In the history of European fascism between the two world wars one fact stands out: nowhere did fascists enjoy the majority support of their countrymen before coming to power. Therefore, whatever success the fascists had cannot be understood apart from the weaknesses and divisions of their opponents and the internal problems of the states in which they arose. This fundamental truth is just as valid for the Nazis of Austria as it is for the German Nazis in the Weimar Republic and the Fascists of pre-1922 Italy.
Nazism, and European fascism in general, did not arise in a vacuum. If the new Republic of Austria, which was founded in 1918, had had a long democratic tradition, a prosperous economy, and, perhaps above all, a citizenry with a burning desire for independence, the Nazis, or any other fascist group, would hardly have attracted more than a handful of supporters. But such conditions did not exist in Austria. Although having some democratic elements, the fallen Austrian Empire had been essentially authoritarian. Worse yet, the political parties of postwar Austria regarded each other as enemies rather than as fellow citizens having honest if differing viewpoints.
The division of the Austro-Hungarian Monarchy into a patchwork of Successor States also left the Austrian economy so shattered that it would not recover until after the Second World War. So, far from greeting their new state and constitution with joy and optimism, most Austrians were convinced that their country could survive economically and politically only if joined to its great German neighbor in a so-called Anschluss. It should surprise no one, therefore, that parties arose in Austria demanding the abolition of democracy and the independence of the state.

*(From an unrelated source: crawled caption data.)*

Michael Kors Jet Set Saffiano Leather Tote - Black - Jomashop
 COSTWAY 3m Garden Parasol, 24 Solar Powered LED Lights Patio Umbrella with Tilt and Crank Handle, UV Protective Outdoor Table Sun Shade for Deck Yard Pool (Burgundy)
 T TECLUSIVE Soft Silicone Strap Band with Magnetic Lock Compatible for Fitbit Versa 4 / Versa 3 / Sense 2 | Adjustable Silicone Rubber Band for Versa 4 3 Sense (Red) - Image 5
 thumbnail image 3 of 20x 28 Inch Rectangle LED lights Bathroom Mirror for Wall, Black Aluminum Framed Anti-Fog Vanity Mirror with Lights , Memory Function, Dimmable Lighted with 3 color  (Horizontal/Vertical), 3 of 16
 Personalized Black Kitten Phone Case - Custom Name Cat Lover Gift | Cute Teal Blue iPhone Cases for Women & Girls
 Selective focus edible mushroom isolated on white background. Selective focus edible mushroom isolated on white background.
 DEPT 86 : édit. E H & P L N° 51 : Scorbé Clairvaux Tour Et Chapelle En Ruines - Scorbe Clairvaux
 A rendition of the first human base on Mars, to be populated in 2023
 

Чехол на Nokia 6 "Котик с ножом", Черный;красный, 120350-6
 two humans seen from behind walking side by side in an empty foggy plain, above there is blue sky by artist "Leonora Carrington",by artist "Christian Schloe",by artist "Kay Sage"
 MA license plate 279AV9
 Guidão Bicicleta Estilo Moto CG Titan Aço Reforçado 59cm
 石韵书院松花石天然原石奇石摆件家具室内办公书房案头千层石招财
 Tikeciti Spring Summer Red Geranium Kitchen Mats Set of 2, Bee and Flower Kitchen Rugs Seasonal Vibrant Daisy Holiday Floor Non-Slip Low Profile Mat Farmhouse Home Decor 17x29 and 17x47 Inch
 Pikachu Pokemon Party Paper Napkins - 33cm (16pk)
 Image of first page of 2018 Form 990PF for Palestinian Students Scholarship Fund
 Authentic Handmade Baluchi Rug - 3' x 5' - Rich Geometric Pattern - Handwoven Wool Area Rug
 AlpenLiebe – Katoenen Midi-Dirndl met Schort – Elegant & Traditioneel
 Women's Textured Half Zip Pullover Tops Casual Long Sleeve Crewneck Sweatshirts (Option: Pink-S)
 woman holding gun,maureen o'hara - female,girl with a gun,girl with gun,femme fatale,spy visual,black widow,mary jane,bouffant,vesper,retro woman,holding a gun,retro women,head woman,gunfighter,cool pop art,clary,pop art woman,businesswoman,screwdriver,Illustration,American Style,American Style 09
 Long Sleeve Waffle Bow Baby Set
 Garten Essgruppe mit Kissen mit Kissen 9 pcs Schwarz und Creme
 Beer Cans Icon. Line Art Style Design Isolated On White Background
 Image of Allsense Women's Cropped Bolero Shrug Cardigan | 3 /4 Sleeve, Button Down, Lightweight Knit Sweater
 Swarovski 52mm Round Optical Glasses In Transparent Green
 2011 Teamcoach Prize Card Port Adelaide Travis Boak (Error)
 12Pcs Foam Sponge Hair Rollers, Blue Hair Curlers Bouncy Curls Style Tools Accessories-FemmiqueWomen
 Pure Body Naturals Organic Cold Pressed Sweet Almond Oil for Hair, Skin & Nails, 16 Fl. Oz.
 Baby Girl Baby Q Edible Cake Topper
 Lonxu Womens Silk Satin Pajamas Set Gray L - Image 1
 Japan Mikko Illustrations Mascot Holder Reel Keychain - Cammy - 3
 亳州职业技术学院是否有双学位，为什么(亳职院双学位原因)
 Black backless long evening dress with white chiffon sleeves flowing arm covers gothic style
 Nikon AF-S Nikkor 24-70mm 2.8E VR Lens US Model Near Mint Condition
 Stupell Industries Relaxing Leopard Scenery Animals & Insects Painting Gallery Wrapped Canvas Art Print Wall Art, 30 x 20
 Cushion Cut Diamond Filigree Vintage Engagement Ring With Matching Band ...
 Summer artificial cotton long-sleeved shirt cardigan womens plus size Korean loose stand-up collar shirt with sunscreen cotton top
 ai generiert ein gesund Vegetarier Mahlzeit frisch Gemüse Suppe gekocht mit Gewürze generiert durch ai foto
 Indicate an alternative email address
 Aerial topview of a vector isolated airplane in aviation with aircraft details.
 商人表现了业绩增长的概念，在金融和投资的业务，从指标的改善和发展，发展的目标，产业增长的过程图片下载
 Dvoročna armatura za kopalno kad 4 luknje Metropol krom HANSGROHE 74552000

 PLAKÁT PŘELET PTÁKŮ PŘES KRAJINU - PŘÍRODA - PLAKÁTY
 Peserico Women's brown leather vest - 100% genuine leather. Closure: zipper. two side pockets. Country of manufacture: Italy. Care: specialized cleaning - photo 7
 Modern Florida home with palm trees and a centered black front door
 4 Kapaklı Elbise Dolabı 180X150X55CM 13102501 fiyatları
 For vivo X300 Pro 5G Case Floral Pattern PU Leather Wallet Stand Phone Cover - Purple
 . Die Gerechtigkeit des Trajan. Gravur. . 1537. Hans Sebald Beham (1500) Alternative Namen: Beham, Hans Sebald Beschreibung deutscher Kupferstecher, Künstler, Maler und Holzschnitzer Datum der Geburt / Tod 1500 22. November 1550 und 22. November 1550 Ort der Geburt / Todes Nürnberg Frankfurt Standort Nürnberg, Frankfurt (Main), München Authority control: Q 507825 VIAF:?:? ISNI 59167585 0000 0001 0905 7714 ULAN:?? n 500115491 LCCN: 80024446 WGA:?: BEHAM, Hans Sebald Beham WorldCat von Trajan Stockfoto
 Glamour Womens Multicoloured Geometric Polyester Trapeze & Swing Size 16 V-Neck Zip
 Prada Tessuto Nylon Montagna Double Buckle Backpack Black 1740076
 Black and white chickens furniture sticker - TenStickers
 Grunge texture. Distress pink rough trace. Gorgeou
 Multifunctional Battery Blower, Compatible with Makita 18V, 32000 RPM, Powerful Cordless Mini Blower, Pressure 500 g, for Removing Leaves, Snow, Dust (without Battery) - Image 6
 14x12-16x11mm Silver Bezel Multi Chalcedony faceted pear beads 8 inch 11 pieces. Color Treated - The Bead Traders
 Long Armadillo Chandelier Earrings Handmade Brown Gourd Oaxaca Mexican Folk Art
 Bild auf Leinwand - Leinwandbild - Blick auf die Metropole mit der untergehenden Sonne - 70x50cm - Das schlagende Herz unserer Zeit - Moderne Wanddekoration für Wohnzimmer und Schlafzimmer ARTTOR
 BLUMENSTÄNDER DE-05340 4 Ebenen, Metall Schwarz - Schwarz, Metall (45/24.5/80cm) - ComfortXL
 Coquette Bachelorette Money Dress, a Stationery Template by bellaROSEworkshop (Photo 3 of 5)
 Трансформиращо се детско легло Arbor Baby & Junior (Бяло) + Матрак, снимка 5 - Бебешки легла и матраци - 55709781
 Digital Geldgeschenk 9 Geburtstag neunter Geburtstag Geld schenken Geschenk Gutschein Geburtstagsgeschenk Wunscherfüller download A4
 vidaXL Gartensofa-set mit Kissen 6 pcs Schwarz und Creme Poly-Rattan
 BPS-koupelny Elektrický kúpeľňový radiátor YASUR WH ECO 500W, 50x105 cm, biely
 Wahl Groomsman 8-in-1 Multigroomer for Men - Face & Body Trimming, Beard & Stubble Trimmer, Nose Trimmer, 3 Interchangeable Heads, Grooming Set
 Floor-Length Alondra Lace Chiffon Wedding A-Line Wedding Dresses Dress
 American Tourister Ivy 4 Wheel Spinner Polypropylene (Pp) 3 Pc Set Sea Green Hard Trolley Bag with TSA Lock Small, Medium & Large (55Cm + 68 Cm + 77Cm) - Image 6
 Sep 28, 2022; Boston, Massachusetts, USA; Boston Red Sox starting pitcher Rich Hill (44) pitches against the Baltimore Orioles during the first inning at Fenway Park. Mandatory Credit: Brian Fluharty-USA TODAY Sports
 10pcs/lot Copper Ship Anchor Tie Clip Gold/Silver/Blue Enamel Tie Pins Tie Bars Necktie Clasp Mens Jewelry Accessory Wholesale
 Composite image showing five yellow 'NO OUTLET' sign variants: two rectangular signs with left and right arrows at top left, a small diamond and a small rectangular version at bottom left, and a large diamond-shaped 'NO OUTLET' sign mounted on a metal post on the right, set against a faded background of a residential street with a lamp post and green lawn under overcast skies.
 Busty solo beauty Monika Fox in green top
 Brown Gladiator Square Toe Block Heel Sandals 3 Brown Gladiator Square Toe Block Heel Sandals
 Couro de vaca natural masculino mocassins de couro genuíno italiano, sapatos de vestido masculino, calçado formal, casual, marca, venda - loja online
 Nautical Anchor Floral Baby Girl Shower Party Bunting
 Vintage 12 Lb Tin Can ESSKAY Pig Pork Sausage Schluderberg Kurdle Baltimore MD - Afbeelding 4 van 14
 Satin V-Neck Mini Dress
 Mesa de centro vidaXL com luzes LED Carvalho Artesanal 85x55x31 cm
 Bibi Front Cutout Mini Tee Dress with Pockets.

Austria at the Paris Peace Conference

The German-speaking people of the Austrian Empire were undoubtedly the monarchy’s most loyal subjects. Only with considerable misgivings was a republic proclaimed by the German remnant of the Imperial Austrian Parliament on 12 November 1918. Although the new state bore a faint resemblance to the medieval crownlands that belonged to the Habsburgs before 1526, it was in reality a new and, to most of its citizens, an unwelcome creation. For the German-Austrians their state represented not liberation but punishment for losing the war. That the German-Austrians were regarded by the victorious Western powers as a vanquished fragment of the Austro-Hungarian Monarchy was only too apparent from their treatment at the Paris Peace Conference.
The Austrian delegation was housed—or perhaps more accurately, “imprisoned”—in the Château of Saint-Germain in the suburbs of Paris. Like other enemy delegations, they were literally locked up, and their correspondence with the outside world was censored.1 By the time the Austrians reached the French capital there was little left to decide. Disputed border areas had already been militarily occupied by Austria’s neighbors; and those countries’ territorial claims, for the most part, had already been recognized by the “Big Four” (the United States, Britain, France, and Italy). Lacking the military power of its neighbors, and cut off by them from vitally needed food supplies, Austria prudently asked only for the German-speaking areas of the old monarchy. But even this request was denied.
The final terms of the Treaty of Saint Germain, signed on 12 September 1919, awarded to other states not only the more remote German-speaking areas, such as northern Bohemia, Austrian Silesia, and northern Moravia, (ceded to Czechoslovakia), but also contiguous regions with solid German majorities. Thus, southern Bohemia and southern Moravia, with 357,000 Germans and 18,500 Czechs were given to Czechoslovakia for “historical” reasons.2 The Drau (Drava) River valley of southern Styria, which afforded Austria its best rail link between its eastern and western provinces, was assigned to Yugoslavia without a plebiscite, even though it had a German-speaking majority. And most brutally of all, the beloved South Tyrol, with 225,000 German-Austrians and next to no Italians, was turned over to Italy so that the 38 million Italians could have a strategic frontier against 6.5 million Austrians. Only in German West Hungary (later called the Burgenland), with 285,000 people, and in southern Carinthia, were boundary decisions made which benefited Austria.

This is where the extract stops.